→ What is being asked: The entries below are to be restated exactly, and their images are to be omitted.

Segment Open

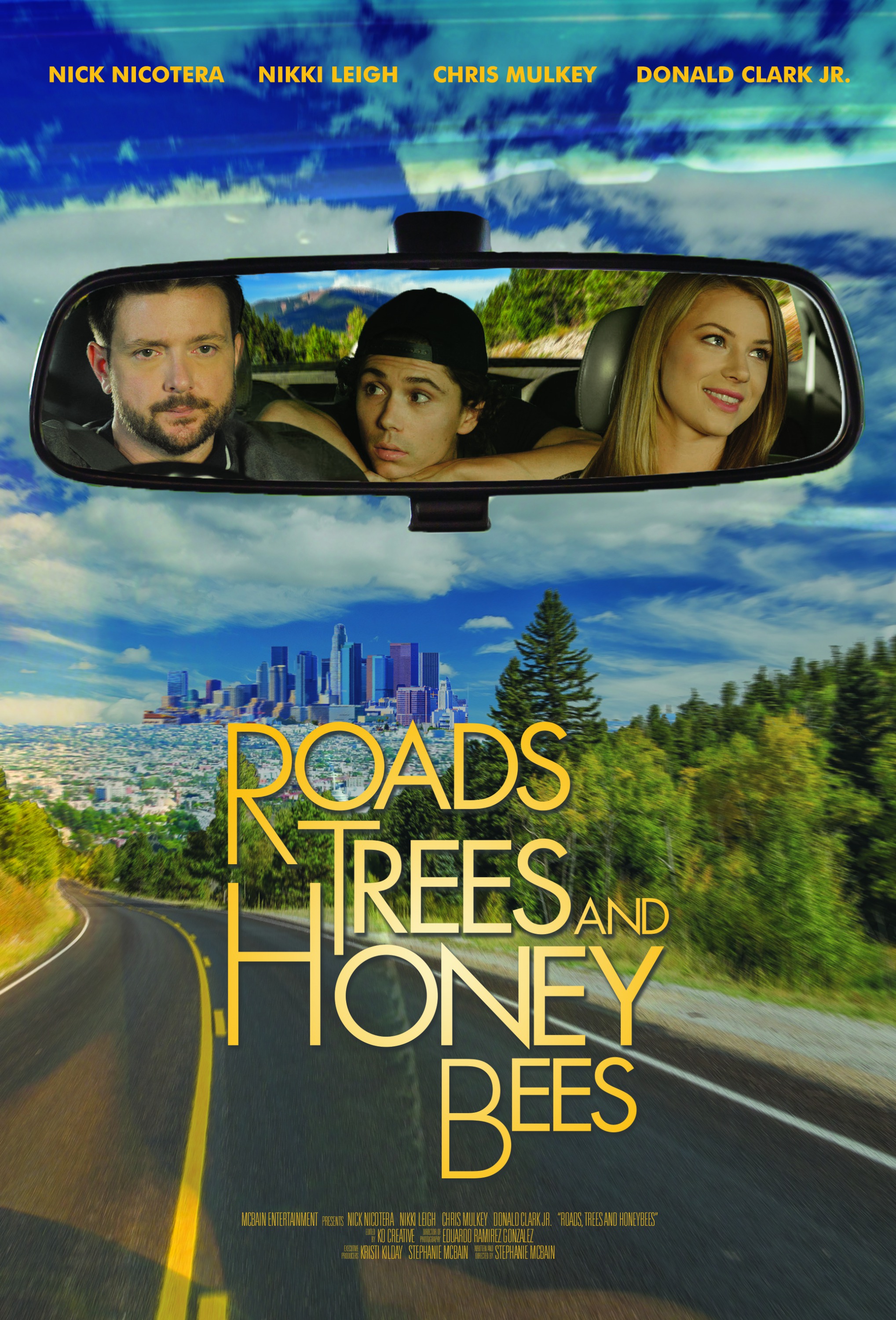 Mega Sized Movie Poster Image for Roads, Trees and Honey Bees 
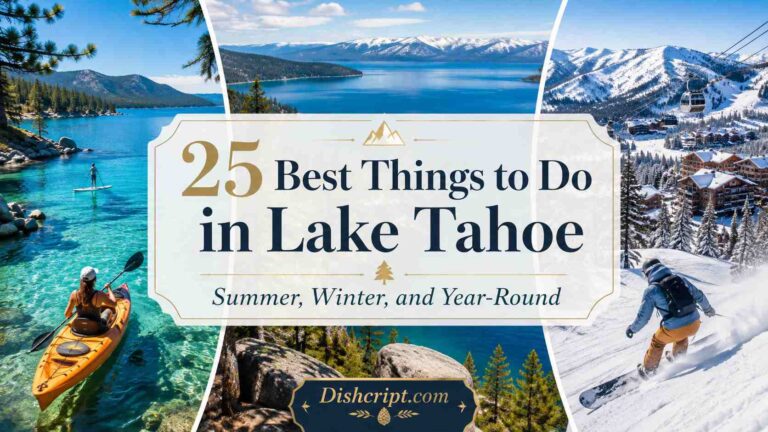 Things to Do in Lake Tahoe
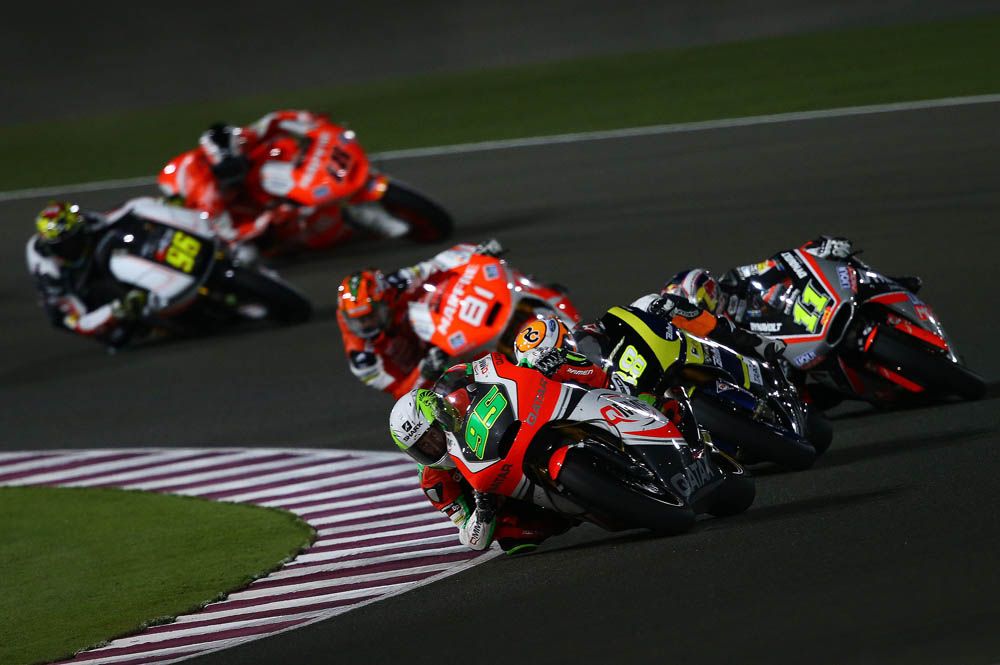 GP Qatar Moto2 2014. Fotos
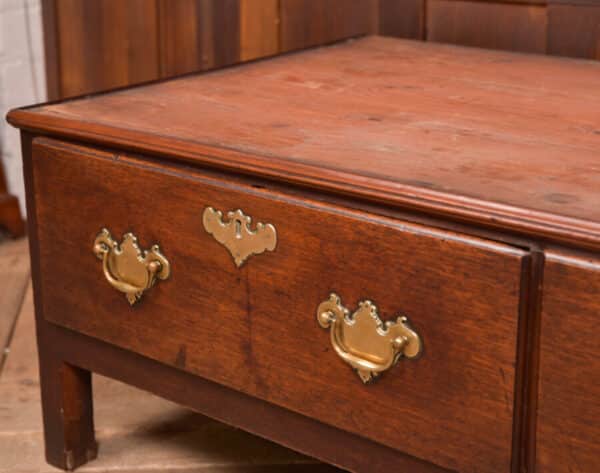 Georgian Mahogany Mule Chest / House Keeper’s Trunk SAI2675 Antique Chests 10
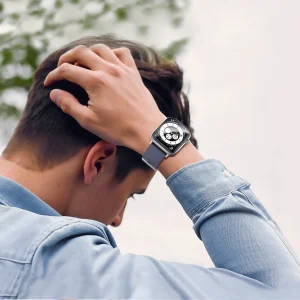 بند آها استایل مدل WA11 مناسب برای اپل واچ 38/40 میلی متری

Segment Closed

→ Solved problem:
 Mega Sized Movie Poster Image for Roads, Trees and Honey Bees 
 Things to Do in Lake Tahoe
 GP Qatar Moto2 2014. Fotos
 Georgian Mahogany Mule Chest / House Keeper’s Trunk SAI2675 Antique Chests 10
 بند آها استایل مدل WA11 مناسب برای اپل واچ 38/40 میلی متری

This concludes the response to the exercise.